Community care and self determination this season

I’m Kiran Waqar, the Social Media and Youth Engagement Coordinator of HEART, an organization working to promote sexual health, uproot gendered violence, and advance reproductive justice by establishing choice and access for the most impacted Muslims. 

Listen to Kiran’s reflection

The other day I went over to one of my Auntie’s houses to make bread in the shape of a moon for the masjid potluck that night. And while the yeast was rising, she learned about a protest, happening right then, against a landlord raising rents on Muslim and minority owned businesses in Vermont. So we hurried, made signs, went out to the protest and showed up in solidarity with the community. Then we came back to finish making the bread and went to the community potluck. That’s the spirit of showing up for community care.

Ramadan reminds us to show up for community. When we’re fasting, everything becomes a little harder, whether making food or going to a protest. I’m not always as active while I’m fasting. But we continue to show up for each other in sustainable ways. If we are all able to collectively slow down and show up for each other for these thirty days, then we’re able to do that year around. 

One of the powerful things about Islam is that we get to have such a deep connection with Allah: God is closer to us than our own jugular vein. In Ramadan, we get to determine what that relationship looks like: it’s between us and God and no one else. The month is about all the ways our community shows up for one another but also all the beautiful ways you can be in community with God.There is no one way of being Muslim and there is no one way of practicing Ramadan. 
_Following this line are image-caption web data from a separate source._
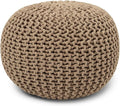 REDEARTH Round Pouf Ottoman - Hand Knitted Cable Boho Poof Home Décor Pouffe Circular Footrest for Living Room - Bedroom - Lounge - 100% Cotton (19.5"x19.5"x14") - Beige-Ruum Studio Home
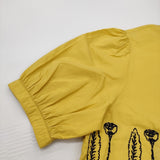 mina perhonen developpe abs1259 刺繍 コットンシルク 定価49500円 サイズ38 ブラウス シャツ 23SS イエロー レディース ミナペルホネン【中古】6-0806S♪
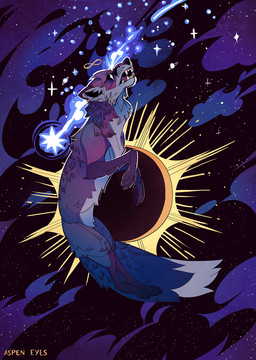 ambiguous_gender black_eyes blue_body blue_fur countershading eclipse fangs feral floating fur glowing glowing_eyes grey_body grey_countershading moon open_mouth purple_body purple_fur solo space spacescape star sun teeth aspeneyes canid canine canis mammal wolf hi_res purple_theme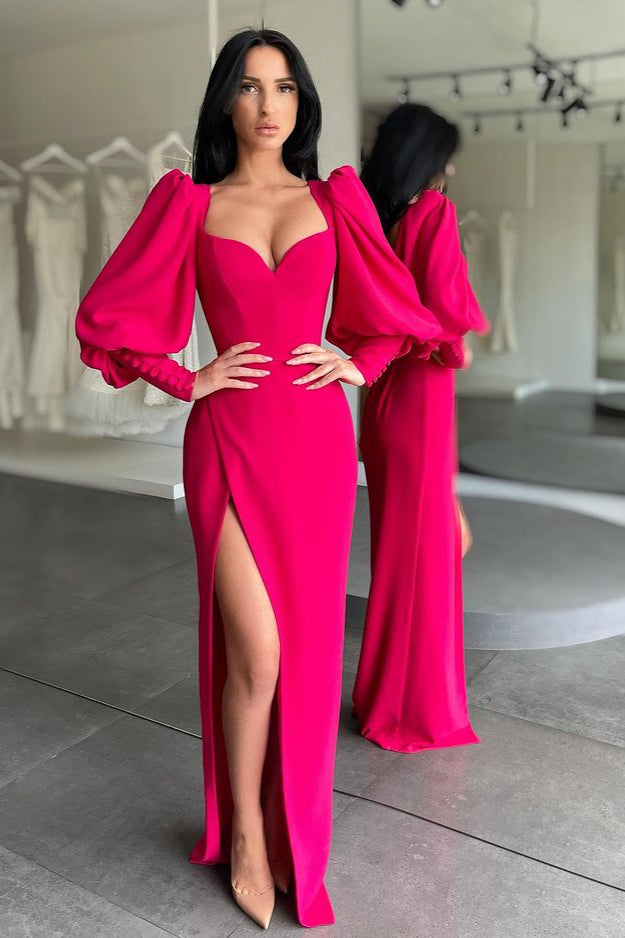 Fuchsia Long Sleeves Sweetheart Prom Dress Split Party Gowns-BallBride
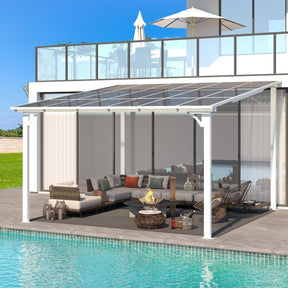 Aecojoy 12 ft x 12 ft White Aluminum Pergola with Canopy - Ezonesglobal - Buy at Wine Coolers Online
During Ramadan, we’re asked to do some deep reflection about how we can bring faith into our everyday practices, whether how we approach justice and community, or even things like bodily autonomy. Muslims have always respected bodily autonomy by practicing reproductive justice. We see this from the first Muslims in this country who were enslaved Black Muslims, and who paved the way for reproductive justice. At HEART we honor and find inspiration from that legacy in our faith and in our politics. The core tenets of Islam help us approach our faith in a pluralistic way which respects everyone.

During Ramadan, we are free to determine how we care for our community and how we engage with God. I hope you feel some of that freedom today.